YOUR INSTRUCTIONS
Restate word for word only the lines from the one with "971 Reap Ln, Lawrenceville, GA" through the end of the records; no pictures belong in the copy.
Start of INFORMATION SUPPLIED
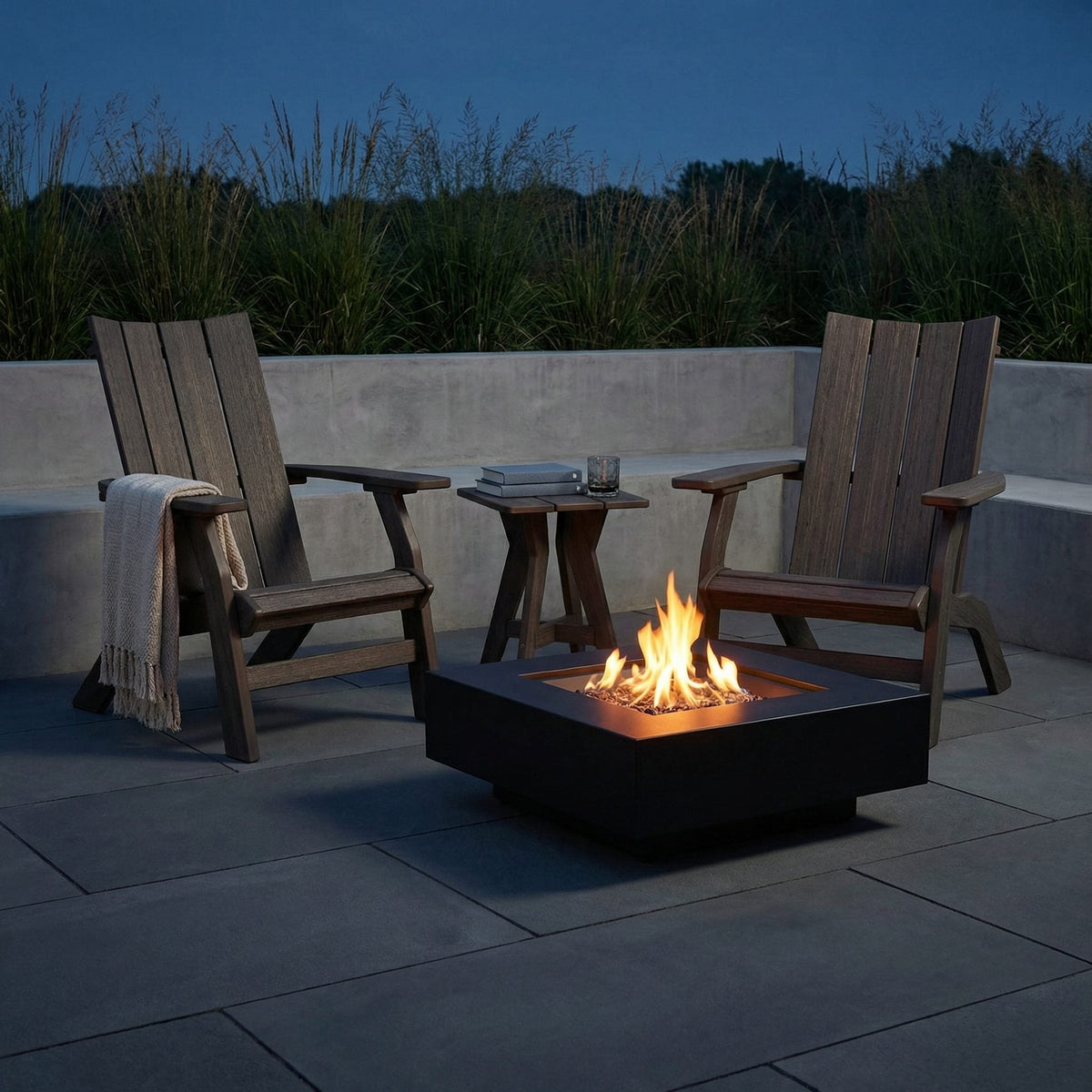 Kent Island poly Grandpa (raised) Adirondack chairs with end table, coastal gray, fire table at dusk - lifestyle (other pieces sold separately)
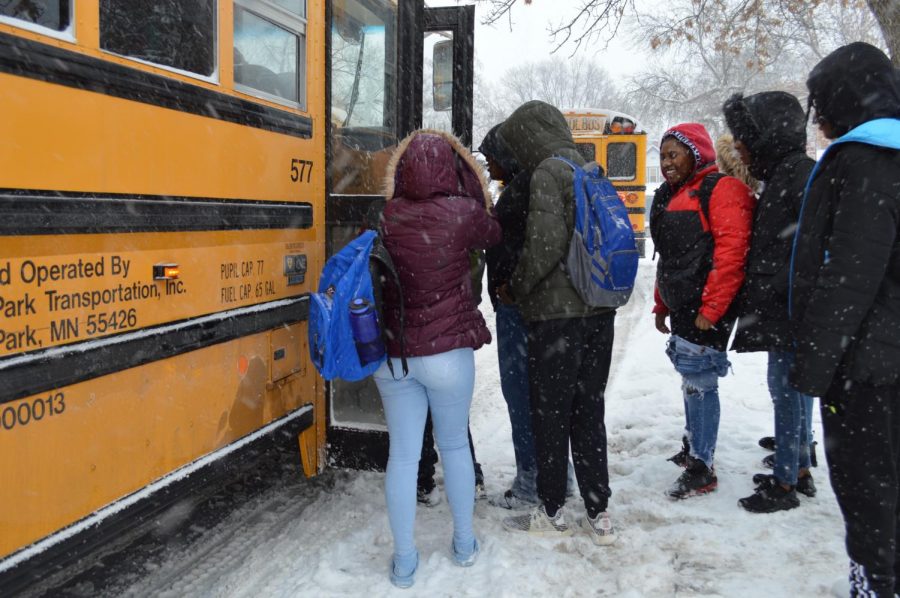 Students file into a school bus after the early dismissal at 2:10 p.m. Feb. 7. Park schools will have a two-hour late start Feb. 8 due to the forecasted winter weather.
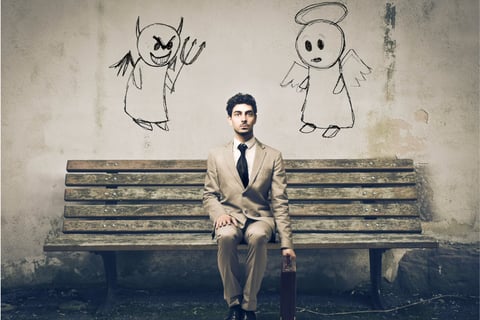 a man in a suit and tie is sitting on a bench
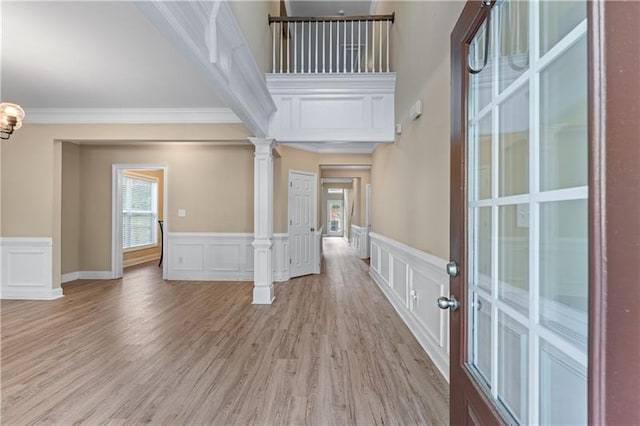 971 Reap Ln, Lawrenceville, GA 30043 - foyer entrance featuring a decorative wall, crown molding, ornate columns, a wainscoted wall, and light wood finished floors
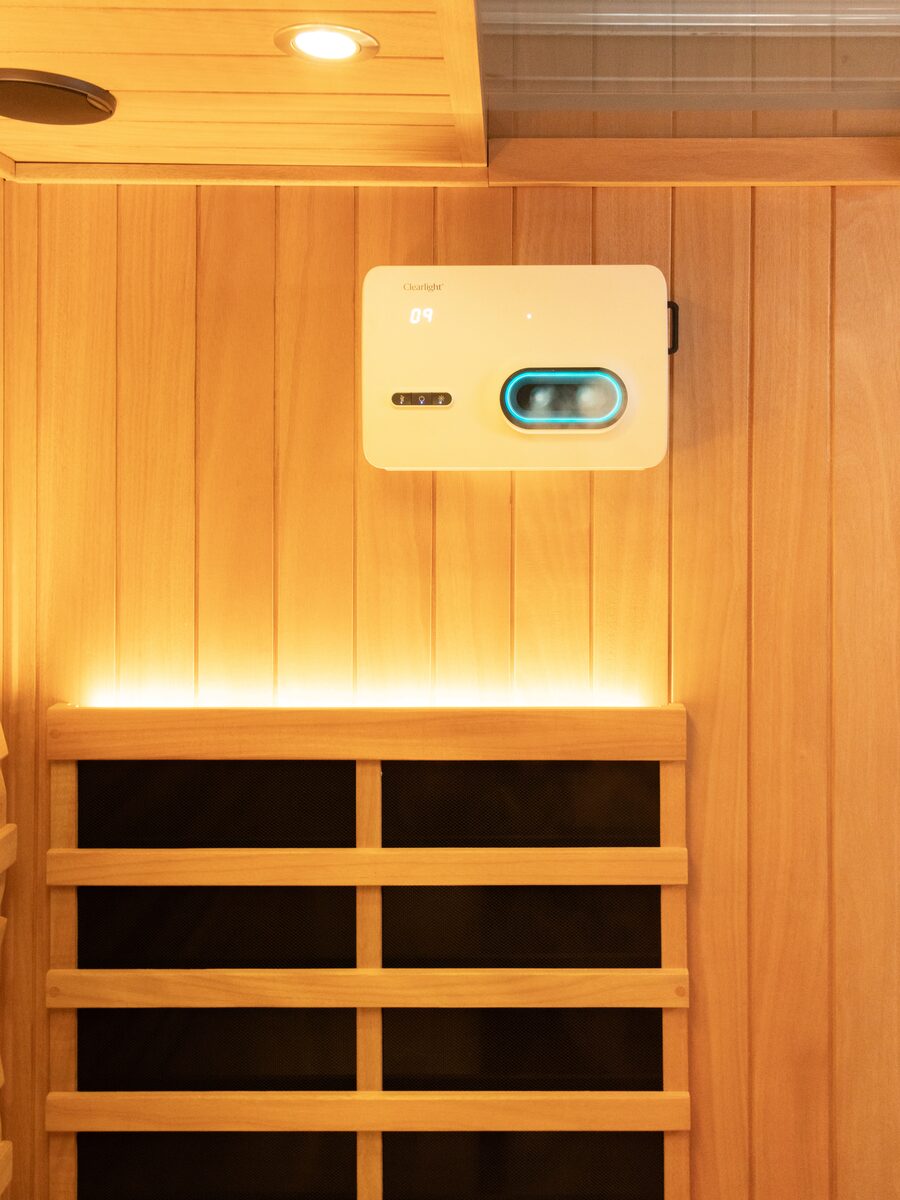 Halo One salt therapy unit mounted on the cedar wall of an infrared sauna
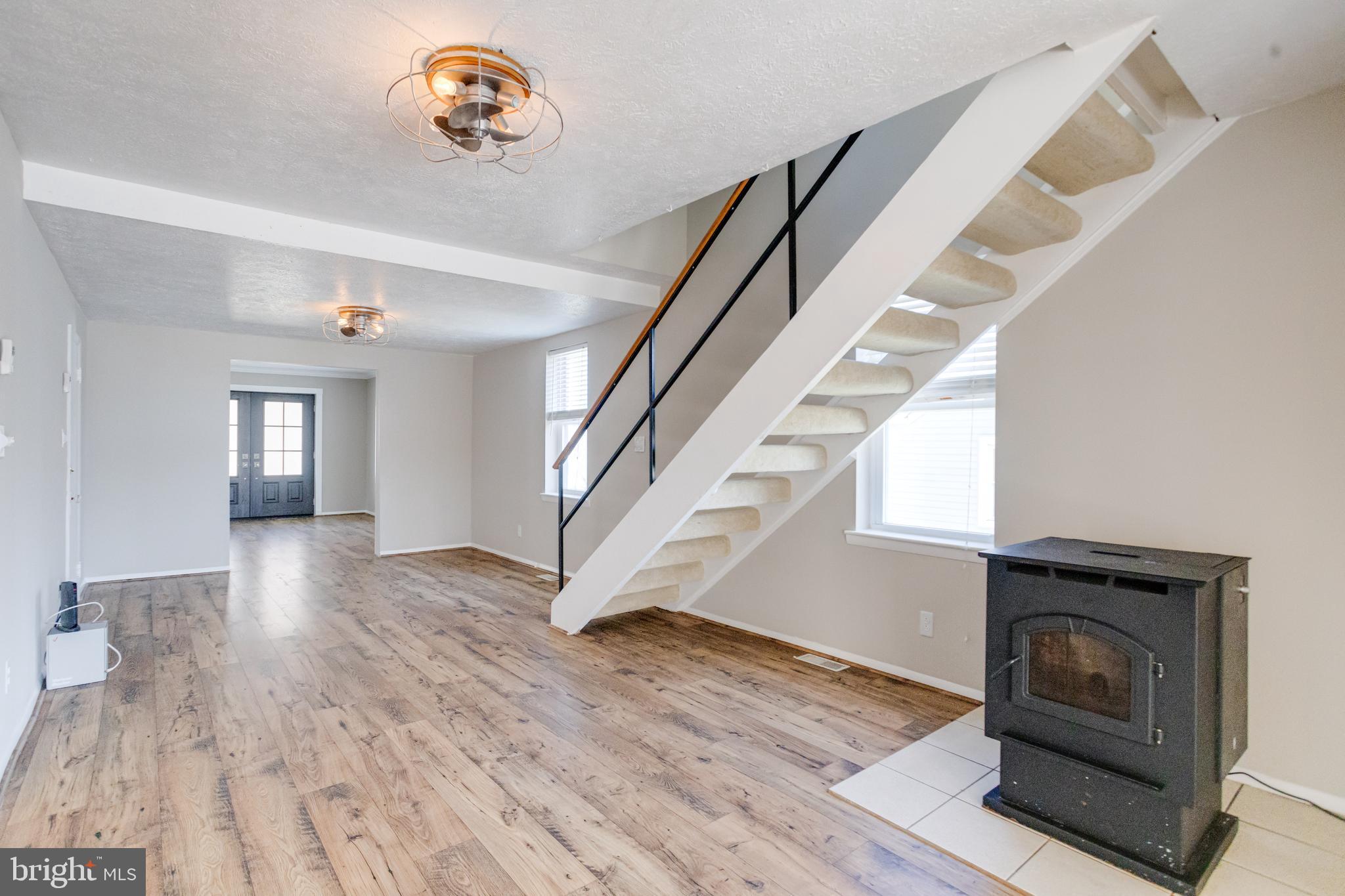 3809 Clarks Point Road Middle River, MD 21220 - Photo 15 of 49 a view of empty room with wooden floor and fan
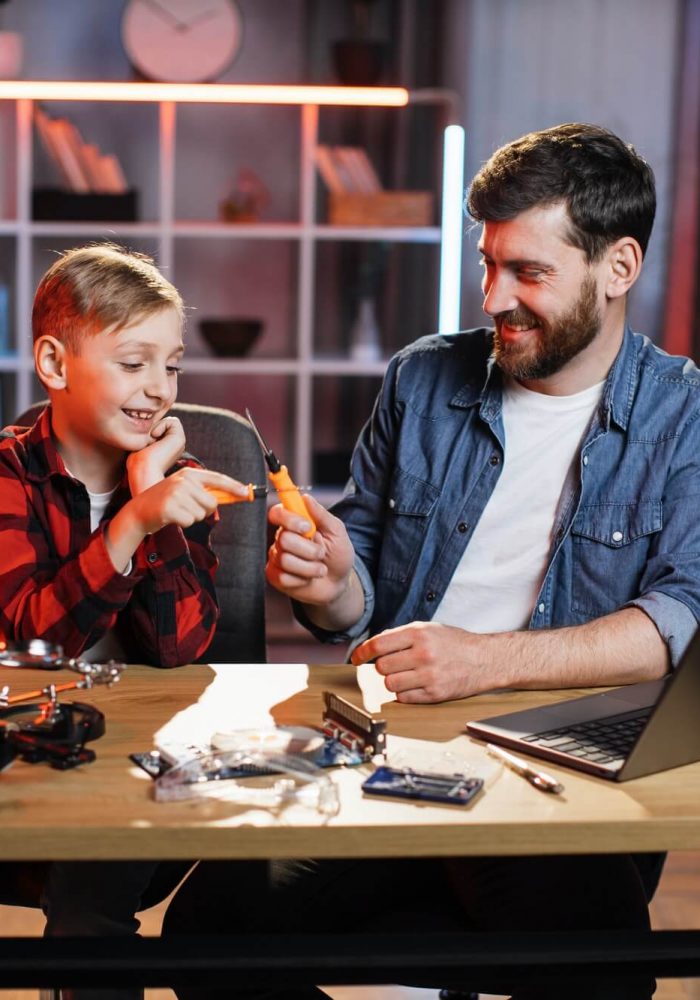 father-with-son-repairing-electronics-in-game-form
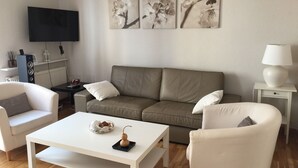 A living room with a beige sofa, white armchairs, a white coffee table, and a flat-screen TV mounted on the wall. - Calle Guerrilleros, entre centro histórico y la zona del Corte Inglès (salamanca)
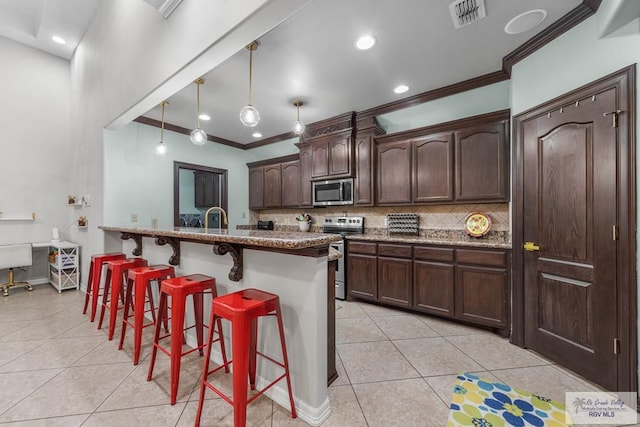 kitchen with light tile patterned floors, a breakfast bar, appliances with stainless steel finishes, hanging light fixtures, and dark brown cabinets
End of INFORMATION SUPPLIED
EXERCISE ANSWER
 971 Reap Ln, Lawrenceville, GA 30043 - foyer entrance featuring a decorative wall, crown molding, ornate columns, a wainscoted wall, and light wood finished floors
 Halo One salt therapy unit mounted on the cedar wall of an infrared sauna
 3809 Clarks Point Road Middle River, MD 21220 - Photo 15 of 49 a view of empty room with wooden floor and fan
 father-with-son-repairing-electronics-in-game-form
 A living room with a beige sofa, white armchairs, a white coffee table, and a flat-screen TV mounted on the wall. - Calle Guerrilleros, entre centro histórico y la zona del Corte Inglès (salamanca)
 kitchen with light tile patterned floors, a breakfast bar, appliances with stainless steel finishes, hanging light fixtures, and dark brown cabinets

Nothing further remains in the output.